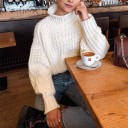 Pullover de malha para senhora com gola alta 3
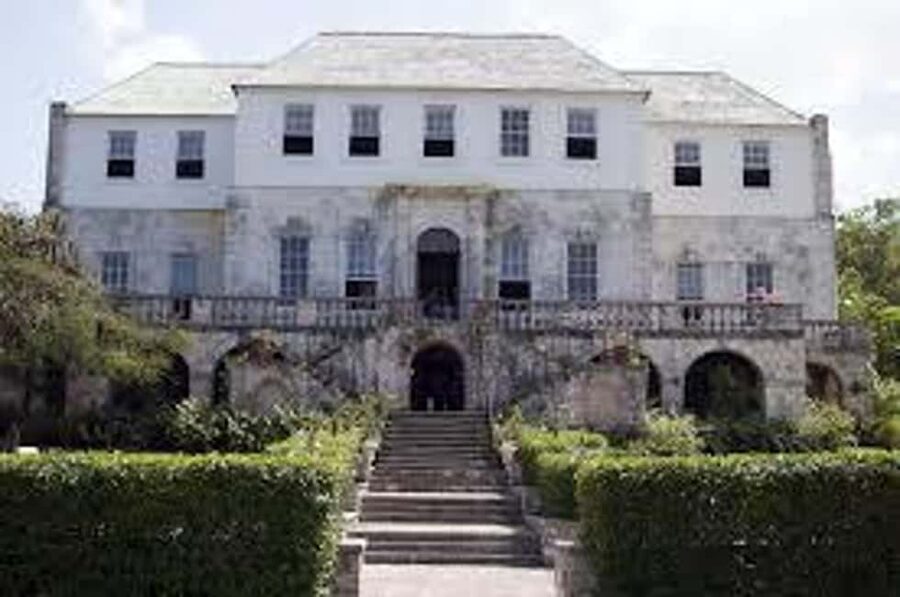 Montego Bay City and Rose Hall Haunted House Tour - Shopping for coffee, rum, and spices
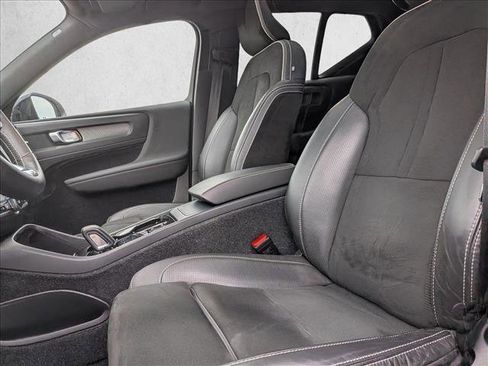 Used 2021 Volvo XC40 T5 R-Design w/ Climate Package image 17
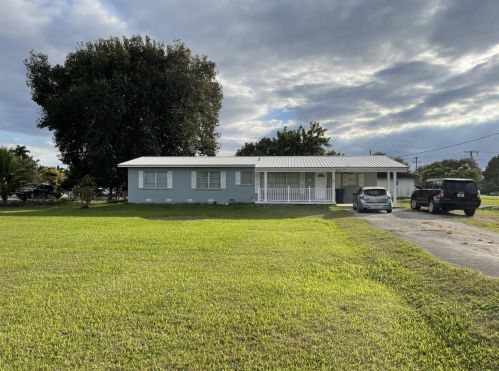 940 Canal St, Belle Glade, FL 33430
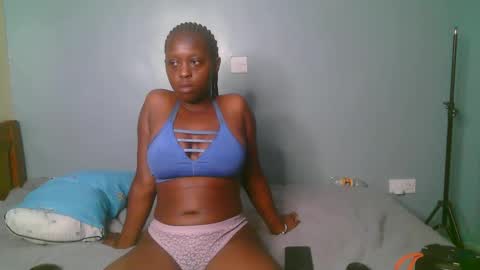 sexy_shava online show from 4, 12, 2025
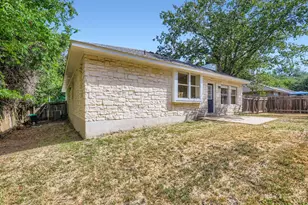 12423 Los Indios Trail, Austin, TX 78729 - Photo 28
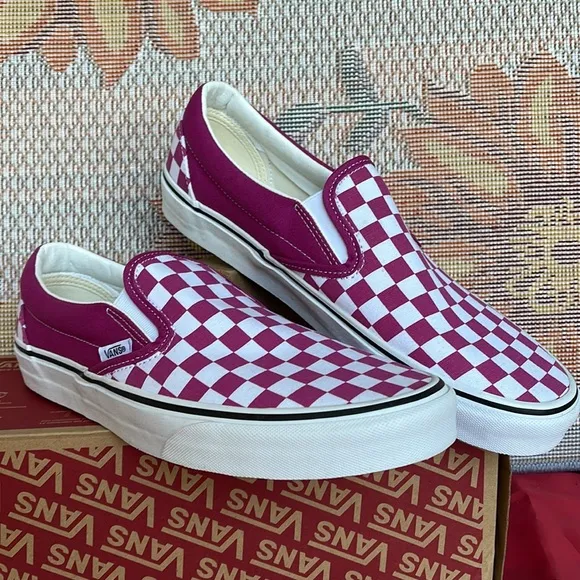 Vans Classic Slip-0n(Checkerboard) Fuchsia Re VN000XG8AZYMen’s Sneakers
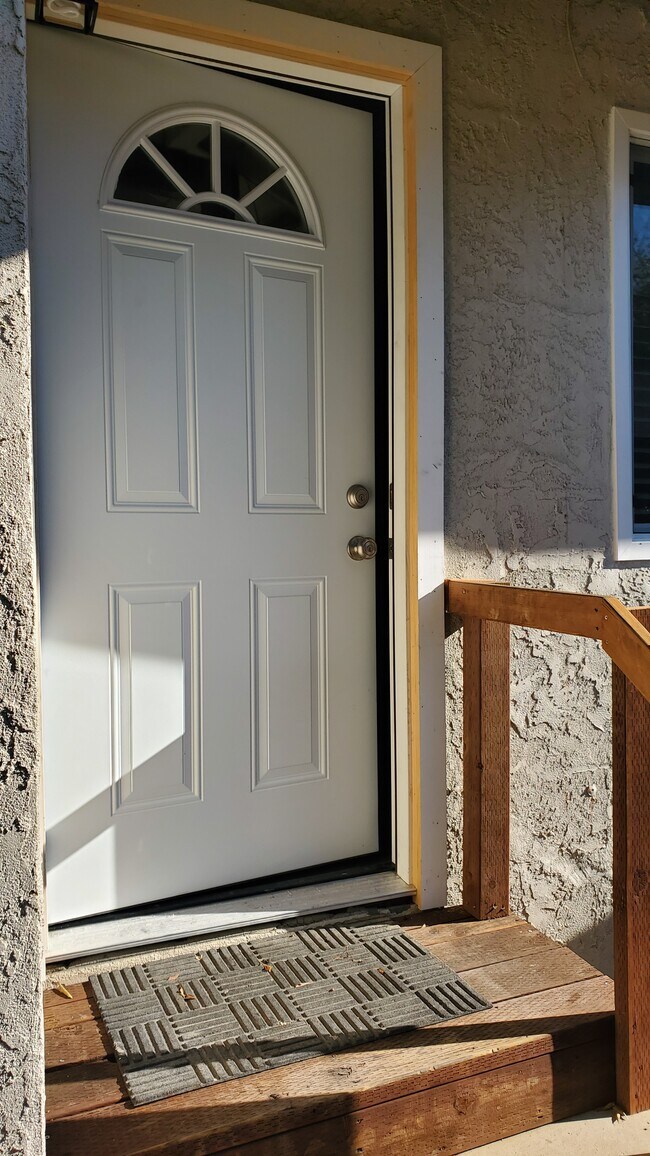 Front entrance - 6032 Rye Way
---*---
What you need to do = Wherever the listing shows a picture, omit it and output the rest exactly as given.

Task output =
 Pullover de malha para senhora com gola alta 3
 Montego Bay City and Rose Hall Haunted House Tour - Shopping for coffee, rum, and spices
 Used 2021 Volvo XC40 T5 R-Design w/ Climate Package image 17
 940 Canal St, Belle Glade, FL 33430
 sexy_shava online show from 4, 12, 2025
 12423 Los Indios Trail, Austin, TX 78729 - Photo 28
 Vans Classic Slip-0n(Checkerboard) Fuchsia Re VN000XG8AZYMen’s Sneakers
 Front entrance - 6032 Rye Way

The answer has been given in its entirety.